◆ **Raw data**
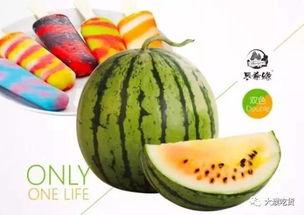 带你吃瓜摘雪糕,夏日炎炎，尽享清凉美食之旅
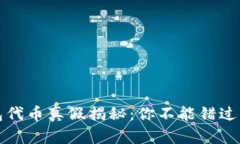 小狐狸钱包代币真假揭秘：你不能错过的安全指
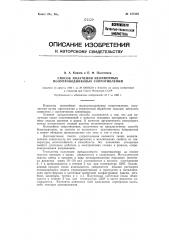 Способ получения нелинейных полупроводниковых сопротивлений (патент 127310)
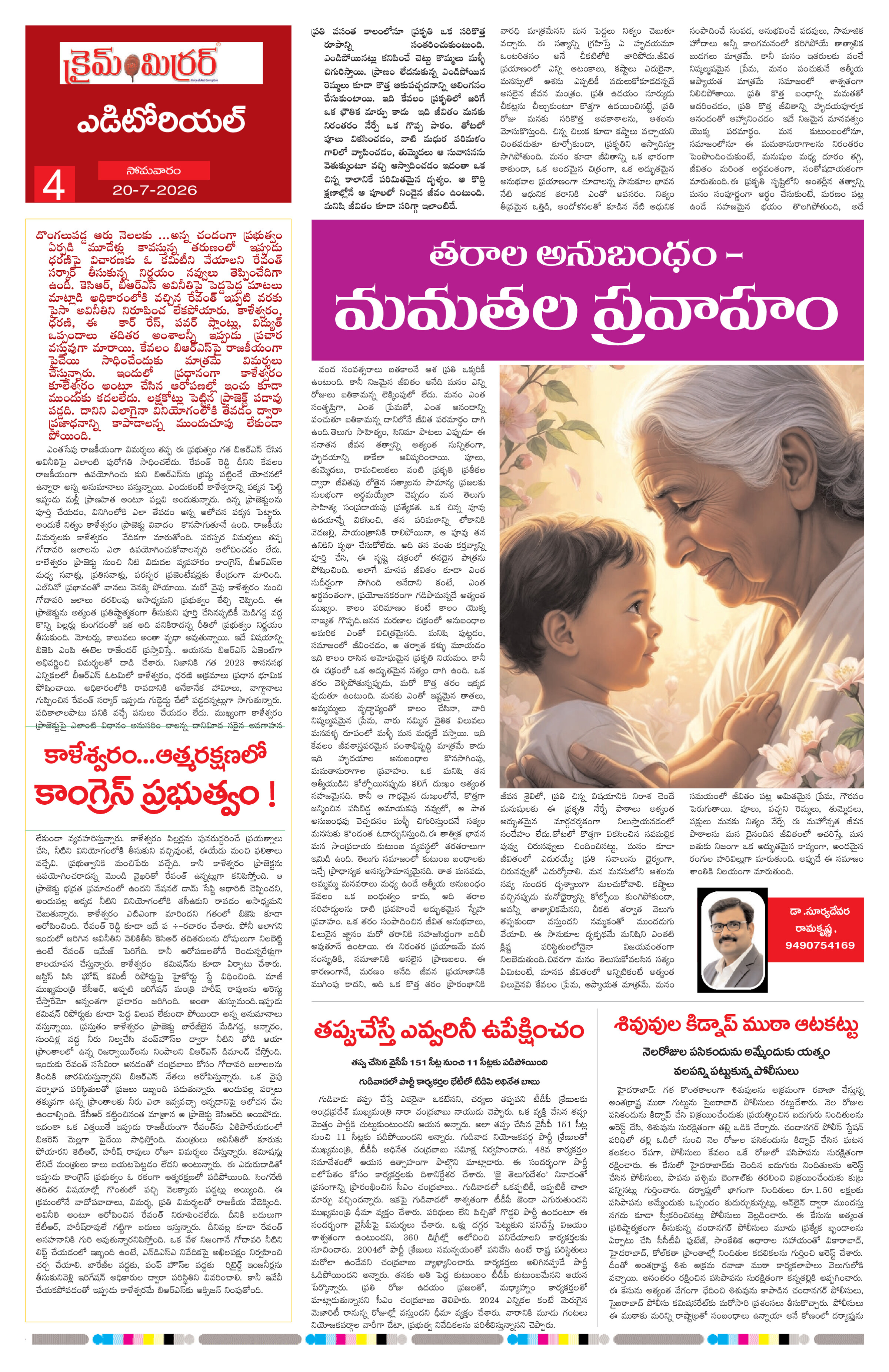 Page 4 thumbnail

◆ **Your assignment**
Return, exactly as they stand, all of the lines above, but not the pictures.

◆ **Answer for the task**
 带你吃瓜摘雪糕,夏日炎炎，尽享清凉美食之旅
 小狐狸钱包代币真假揭秘：你不能错过的安全指
 Способ получения нелинейных полупроводниковых сопротивлений (патент 127310)
 Page 4 thumbnail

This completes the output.